Several months later, I realized I hadn’t been on overdrive.com as regularly as I used to be and decided to check it out. On the front page of the audiobooks section was The Five Love Languages by Gary Chapman. I saw that it was available and though the relationship my friend and I had discussed earlier had ended several months prior, I decided to download it.
The Five Love Languages
Gary Chapman has a Ph.D. from Southwestern Theological Baptist Seminary. His theological background does come through in his writing, though it does not dominate his writing and can still be enjoyed by someone who does not hold similar beliefs. Specifically, Chapman has a background in anthropology, so he is well acquainted with different cultures and human behavior. Chapman developed his idea of the five love languages while working as a counselor. He recounts the beginning of the formation of his love theory which began with a couple.
This couple had come to him with complaints about their marriage. He advised the two individually to praise his/her’s spouse for their good deeds for a month, I believe it was. At their next visit to Dr. Chapman’s office, the husband was elated. He felt much better about the relationship. They still had more work to do, but he felt that they were off to a great start. The wife on the other hand, felt that the praise was nice, but she still felt that something was lacking. She wished that the husband would spend more time with her. It was in this moment that Dr. Chapman realized that the couple had two different ways of feeling loved. The husband’s primary love language was words of affirmation while the wife’s was quality time. After realizing this, the couple went on to have a long marriage.
Chapman discusses each of the five love languages: 1. Words of affirmation, 2. Quality time/Presence, 3. Gift giving, 4. Acts of Service, and 5. Physical Touch. Each one is accompanied by examples and anecdotes.

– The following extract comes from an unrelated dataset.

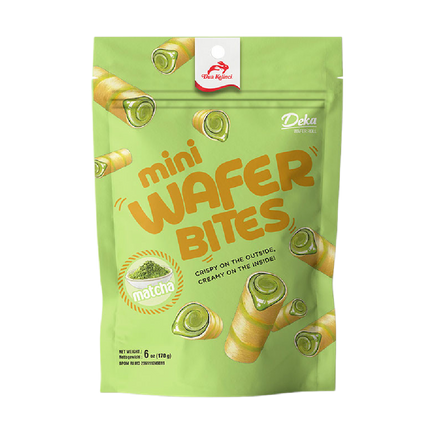 DEKA Mini Wafer Bites Matcha 170g (Case 24)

Words of affirmation can be as simple as telling your partner that you appreciate him taking care of the bills or picking up the kids. Quality time may mean not simply existing in the same space as your partner, but actually communicating with each other. This type of communication is more than superficial. This act requires opening up to your partner, expressing your emotions, thoughts, and desires. This quality time should be spent without distractions. Don’t try to multitask. Just focus on your partner. Look her in the eyes when talking.
Give gifts. Plain and simple. Acts of service may mean taking out the trash or preparing dinner. Chapman gives an example of a couple in which the husband says physical touch, or sex to be specific, makes him feel loved, but his wife’s primary love language is acts of service. His wife is always complaining that he doesn’t take out the trash or wash the dishes. Chapman instructs the husband to imagine that the wife feels loved by him doing chores as much as he feels loved by her when they have sex! A lightbulb went off for the husband and he then understood the importance of his wife’s requests. Speaking of physical touch, this doesn’t mean only having sex. It could mean giving your partner a massage, holding hands more often, hugging, or giving a gentle caress.

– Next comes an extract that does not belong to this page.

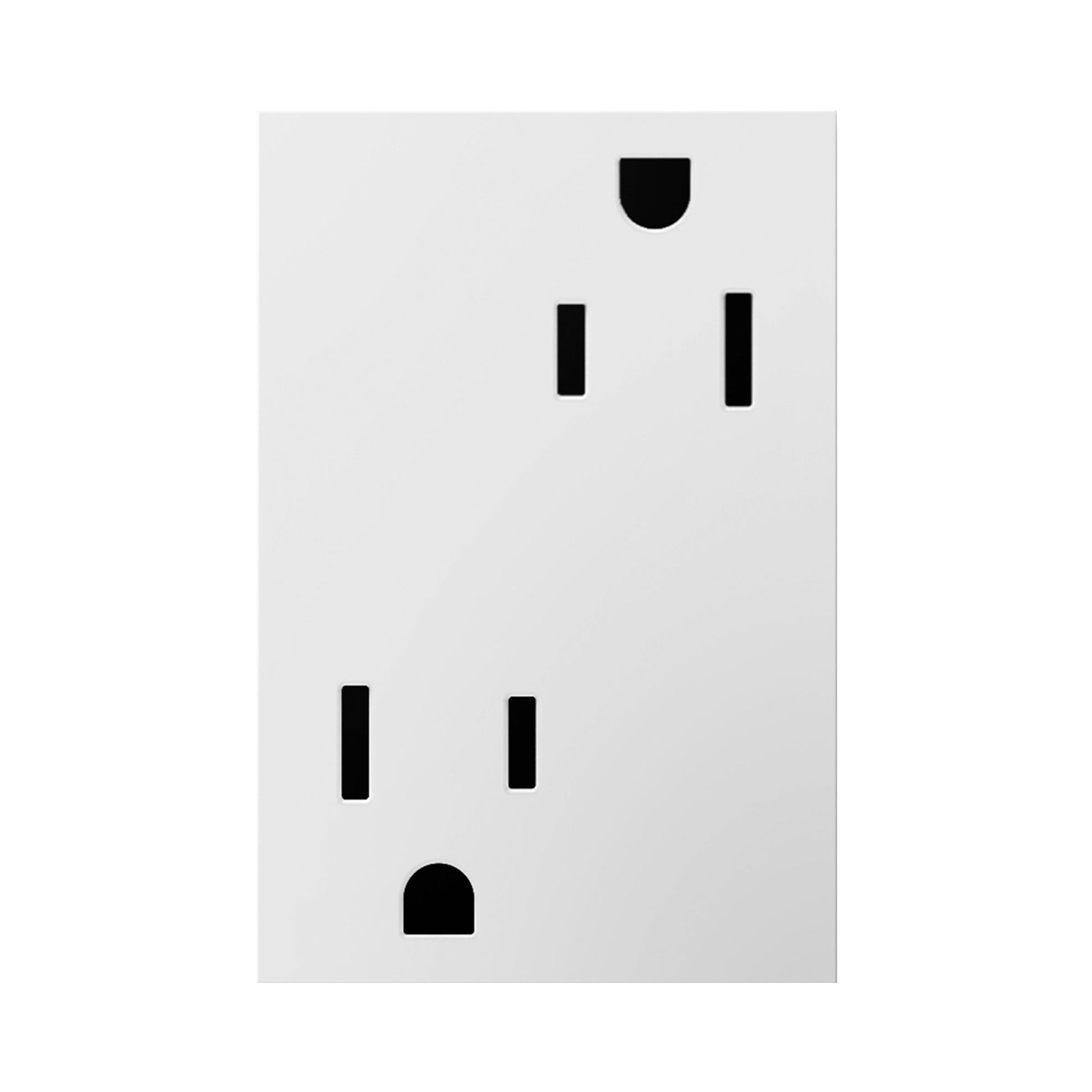 adorne® Tamper-Resistant PLUS Outlet in White.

Usually, people will have a mixture of these different love languages, but there is usually at least a primary one and if that one is understood, then it will be easier to have a better relationship. It’s also important not to get hung up on gender stereotypes. You know, “men speak physical touch and women speak acts of service and gift giving.” Chapman even discusses that men are more likely to erroneously believe that their primary love language is physical touch because men tend to be sexually aroused relatively easily. To get a good understanding of what your true love language is, Chapman says to complete this statement: “I truly feel loved by my partner when he/she does ___.’” If the other love languages were taken away, could this one aspect still make you feel loved by your partner? Another potential way to discovering your primary love language is notice of how you try to care for your significant other. Subconsciously, we may treat our partners the way we really want to be treated. This trick works both for determining one’s own primary love language and one’s partner. Each person is unique and should be treated as such. In addition, this principle of love languages can be applied to caring for children as well.

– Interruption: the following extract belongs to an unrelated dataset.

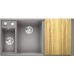 BLANCO Axia III 6 S InFino zlewozmywak Silgranit, Alumetalik 524645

I don’t know if it is good or bad, but Dr. Chapman makes having a successful marriage seem so simple. Maybe not easy, but simple nonetheless. I haven’t tried these methods out yet (wipes away single tear), but I suspect they are very useful. Also, I’m not sure how well these five classifications hold up to empirical evidence, but Chapman’s advice in this book has been spread throughout the world. Therefore, there might be something to it. This book is a short read, or listen. It provides clear actions to take if one is having difficulty in ones relationship. Also, the book reminds me of Deborah Tannen‘s works in that it discusses communication, relationships, and how we all have different ways of expressing ourselves. By understanding these differences we can then have better relationships with one another.
The audio version is read by the author himself, Gary Chapman. In a charming southern U.S. sounding accent, Chapman provides a pleasant personality to his work as well as a great listen.